Task statement => You are asked to copy the entire listing exactly, apart from its pictures.

Dataset entries =>
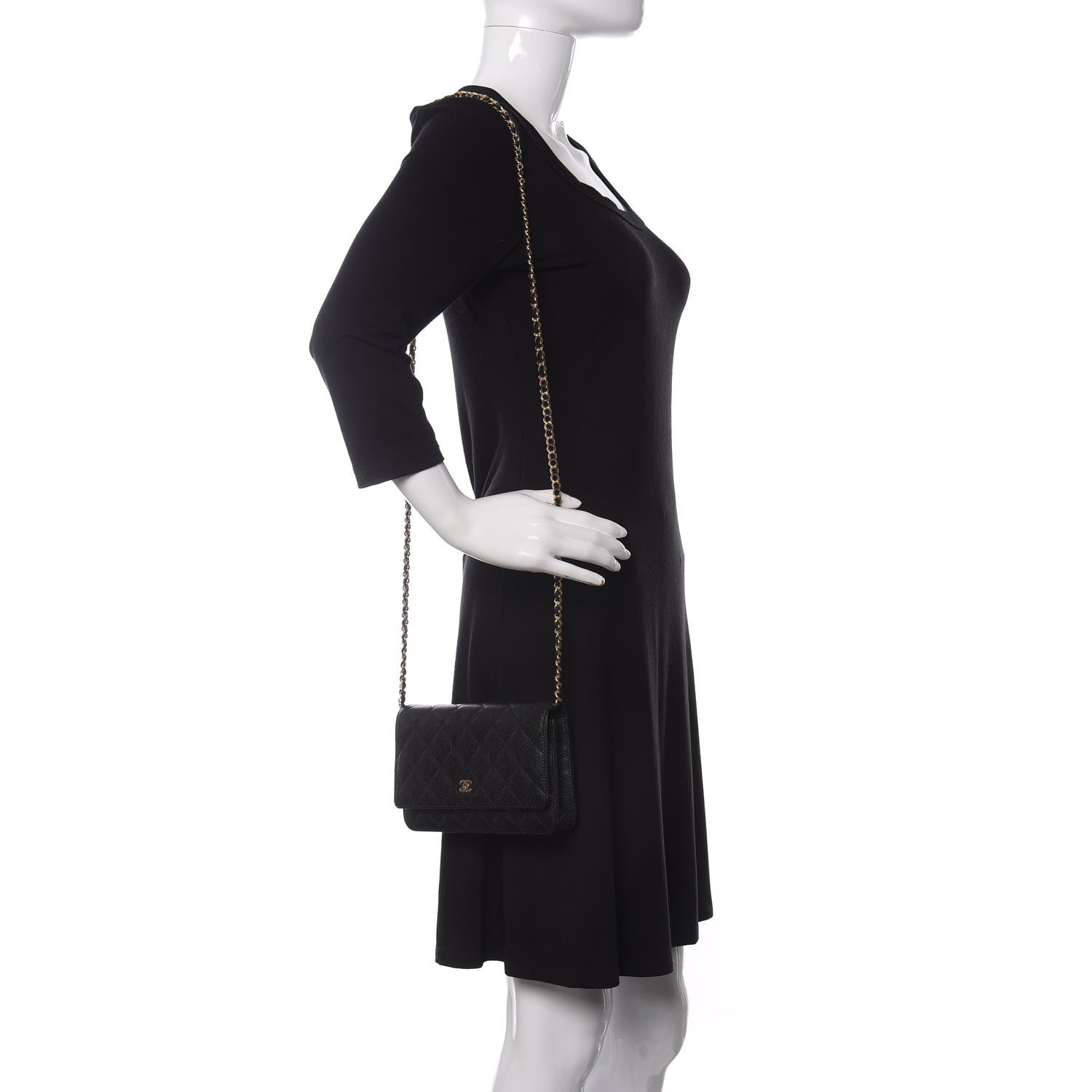 Chanel Caviar Quilted Wallet On Chain WOC Black 2 of 11
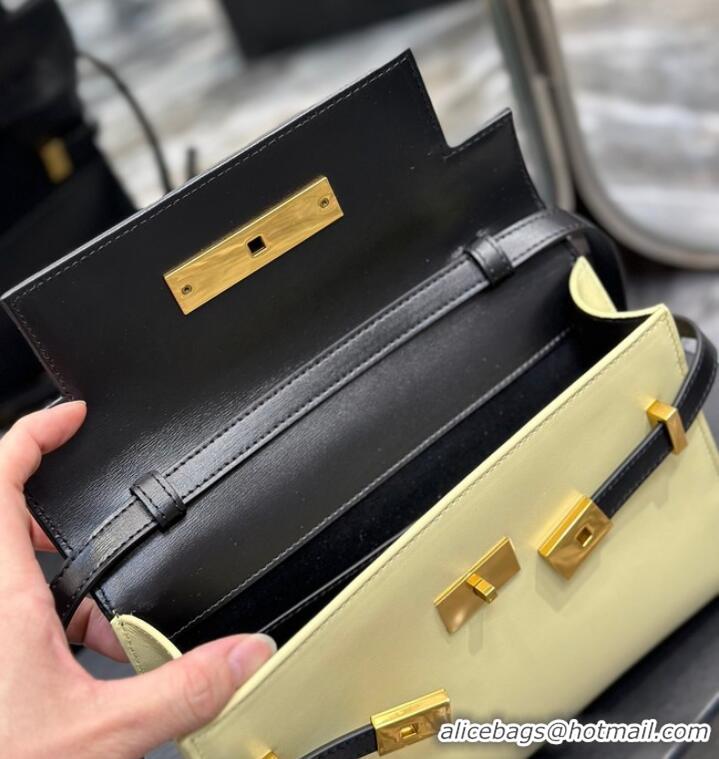 Buy Fashionable SAINT LAURENT MANHATTAN SMALL SHOULDER BAG IN LEATHER 675626 black&yellow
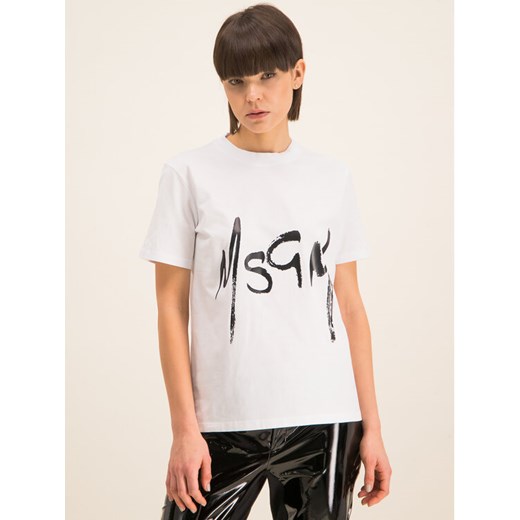 MSGM T-Shirt 2841MDM74 207298 01 Biały Regular Fit XS okazja MODIVO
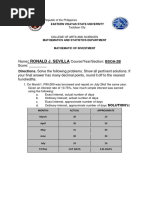 Ronald J. Sevilla: Name Course/Year/Section: BSOA-2B Score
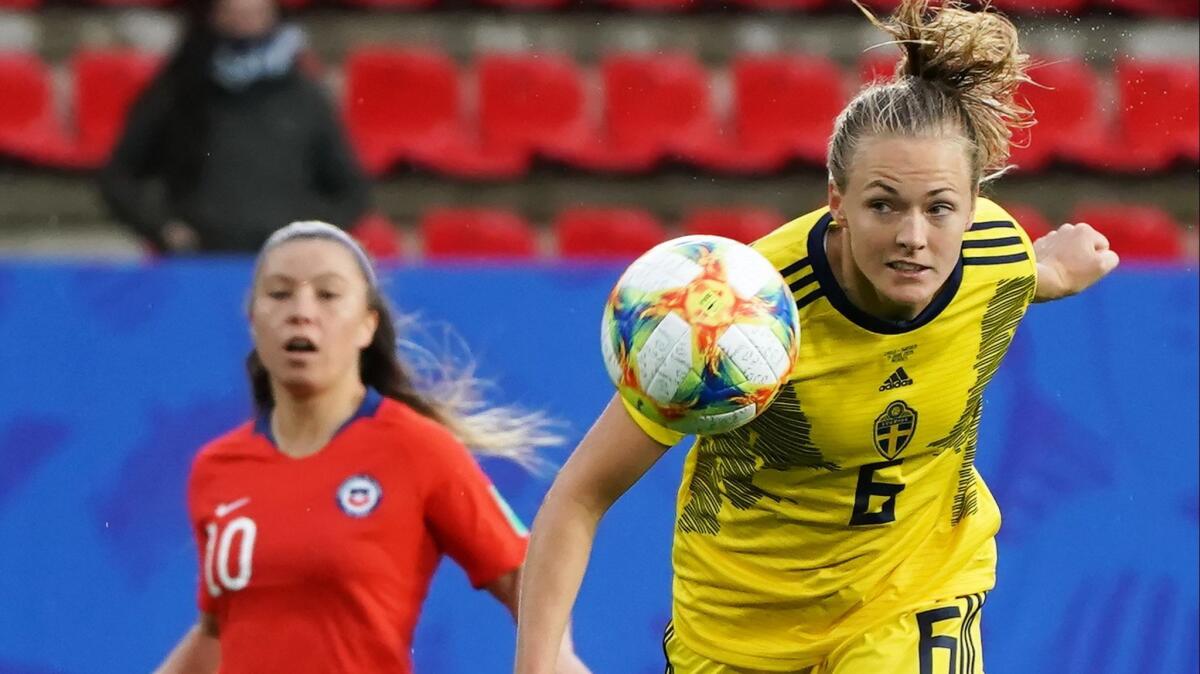 Sweden's Magdalena Eriksson controls the ball during the team's World Cup victory over Chile on Tuesday.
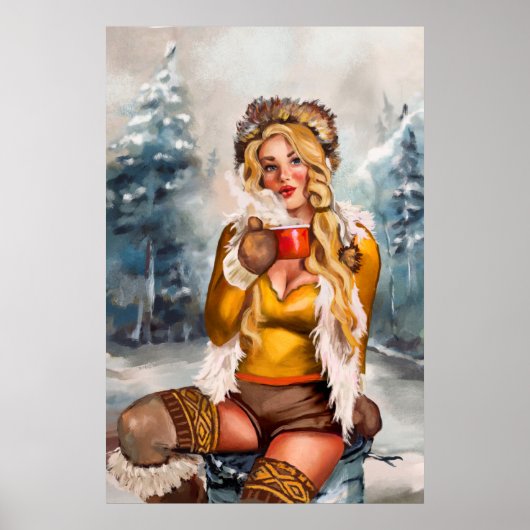 Poster "Chocolat Chaud À Froid Day" Pinup Art (Devant)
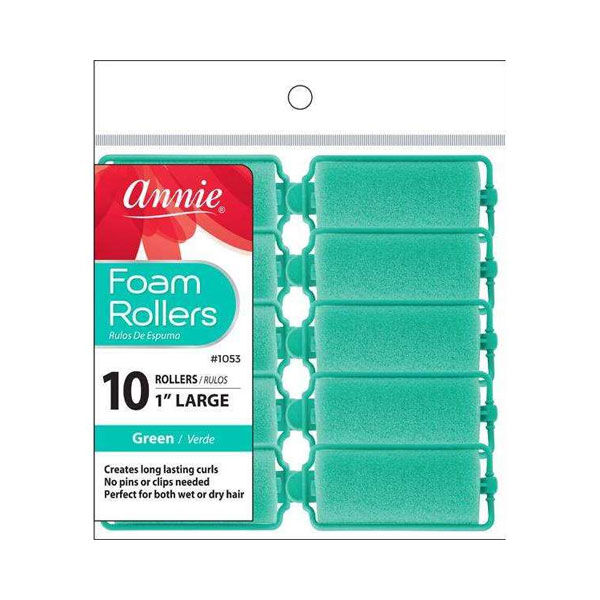 Annie Foam Rollers 1" Large, Mint #1053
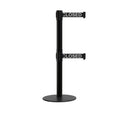 Retractable Dual Belt Barrier Stanchion, Low Profile Steel Base, Black Post, 7.5ft Belts - Montour Line MX630D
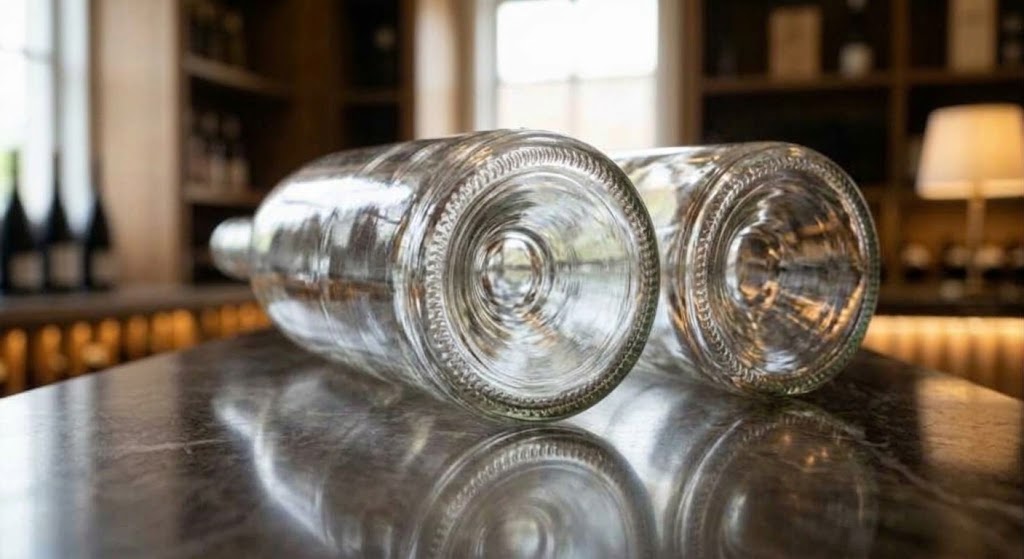Bottom view of various glass bottles with a deep wine bottle punt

Worked solution =>
 Chanel Caviar Quilted Wallet On Chain WOC Black 2 of 11
 Buy Fashionable SAINT LAURENT MANHATTAN SMALL SHOULDER BAG IN LEATHER 675626 black&yellow
 MSGM T-Shirt 2841MDM74 207298 01 Biały Regular Fit XS okazja MODIVO
 Ronald J. Sevilla: Name Course/Year/Section: BSOA-2B Score
 Sweden's Magdalena Eriksson controls the ball during the team's World Cup victory over Chile on Tuesday.
 Poster "Chocolat Chaud À Froid Day" Pinup Art (Devant)
 Annie Foam Rollers 1" Large, Mint #1053
 Retractable Dual Belt Barrier Stanchion, Low Profile Steel Base, Black Post, 7.5ft Belts - Montour Line MX630D
Bottom view of various glass bottles with a deep wine bottle punt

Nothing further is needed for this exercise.